La rébellion de Cheikh Saïd
La rébellion de Cheikh Saïd (Serhildana Şêx Seîd) a marqué le premier soulèvement kurde significatif contre la République turque nouvellement formée après la signature du Traité de Lausanne en 1923. L’historien Robert W. Olson l’a décrit comme « la première rébellion nationaliste à grande échelle par les Kurdes ».
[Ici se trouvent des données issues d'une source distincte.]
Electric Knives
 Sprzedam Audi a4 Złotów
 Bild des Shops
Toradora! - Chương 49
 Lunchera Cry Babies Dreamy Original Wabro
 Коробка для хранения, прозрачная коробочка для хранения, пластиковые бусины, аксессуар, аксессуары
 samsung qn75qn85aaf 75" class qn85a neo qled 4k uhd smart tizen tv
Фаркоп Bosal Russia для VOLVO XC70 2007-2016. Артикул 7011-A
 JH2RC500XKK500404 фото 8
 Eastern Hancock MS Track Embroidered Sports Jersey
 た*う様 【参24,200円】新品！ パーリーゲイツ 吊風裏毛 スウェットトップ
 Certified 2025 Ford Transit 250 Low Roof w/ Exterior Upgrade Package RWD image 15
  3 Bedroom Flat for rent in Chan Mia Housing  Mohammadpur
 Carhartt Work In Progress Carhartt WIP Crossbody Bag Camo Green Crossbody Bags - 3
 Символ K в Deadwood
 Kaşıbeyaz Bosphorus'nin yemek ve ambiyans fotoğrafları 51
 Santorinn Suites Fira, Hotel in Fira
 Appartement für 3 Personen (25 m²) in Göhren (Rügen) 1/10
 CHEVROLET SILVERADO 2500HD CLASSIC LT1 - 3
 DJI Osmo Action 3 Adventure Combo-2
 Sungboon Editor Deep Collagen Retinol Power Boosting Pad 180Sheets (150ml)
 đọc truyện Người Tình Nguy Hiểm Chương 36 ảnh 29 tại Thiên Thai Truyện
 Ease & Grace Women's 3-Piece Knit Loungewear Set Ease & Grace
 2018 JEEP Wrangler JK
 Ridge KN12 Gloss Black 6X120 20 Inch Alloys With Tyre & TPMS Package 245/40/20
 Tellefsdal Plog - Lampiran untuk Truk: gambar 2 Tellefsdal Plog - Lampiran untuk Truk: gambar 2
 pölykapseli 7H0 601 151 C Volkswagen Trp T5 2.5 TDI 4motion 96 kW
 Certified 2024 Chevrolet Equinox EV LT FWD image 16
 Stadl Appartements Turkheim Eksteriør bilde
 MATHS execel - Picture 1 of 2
La rébellion a rencontré une réponse énergique de la part des autorités turques. Ils ont eu recours à des bombardements aériens continus et à des forces militaires concentrées pour réprimer la révolte. Par la suite, plus de 7 000 personnes ont été poursuivies devant les tribunaux de l’indépendance et plus de 600 personnes ont été exécutées.
Les six icones kurdes
Cheikh Saïd Piran est un chef religieux musulman et nationaliste kurde qui a mené en 1925 une révolte armée contre l’Etat colonialiste turc. Il fut pendu avec plusieurs de ses compagnons de lutte et son corps enterré dans un lieu tenu secret encore aujourd’hui.
Qazi Muhammad, né en 1893 et mort exécuté le 31 mars 1947, est un leader nationaliste et religieux kurde iranien de Mahabad. Il fut le chef de file du mouvement autonomiste kurde en Iran dans les années 1942-1947. Il était le président de la République de Mahabad.
Leyla Qasim est une militante kurde pendue le 12 mai 1974 par Saddam Hussein pour avoir défendu les droits des femmes et des Kurdes. Elle n’avait que 22 ans.
Mehmet Nuri Dersimi, né en 1893 à Dersim et mort en exile en 1973 à Alep, surnommé Baytar Nuri, était un intellectuel nationaliste kurde, de confession alévie.
Seyid Rıza était une figure religieuse des Kurdes alévis et le leader du mouvement kurde pendant la rébellion Dersim de 1937-1938. Le 15 novembre 1937, il fut pendu avec plusieurs compagnons d’armes par l’État turc.
Musa Anter, surnommé « Apê Mûsa (Oncle Musa) », était un écrivain et une des figures de proue du nationalisme kurde. Le 20 septembre 1992, il fut assassiné par des paramilitaires turcs à Diyarbakır.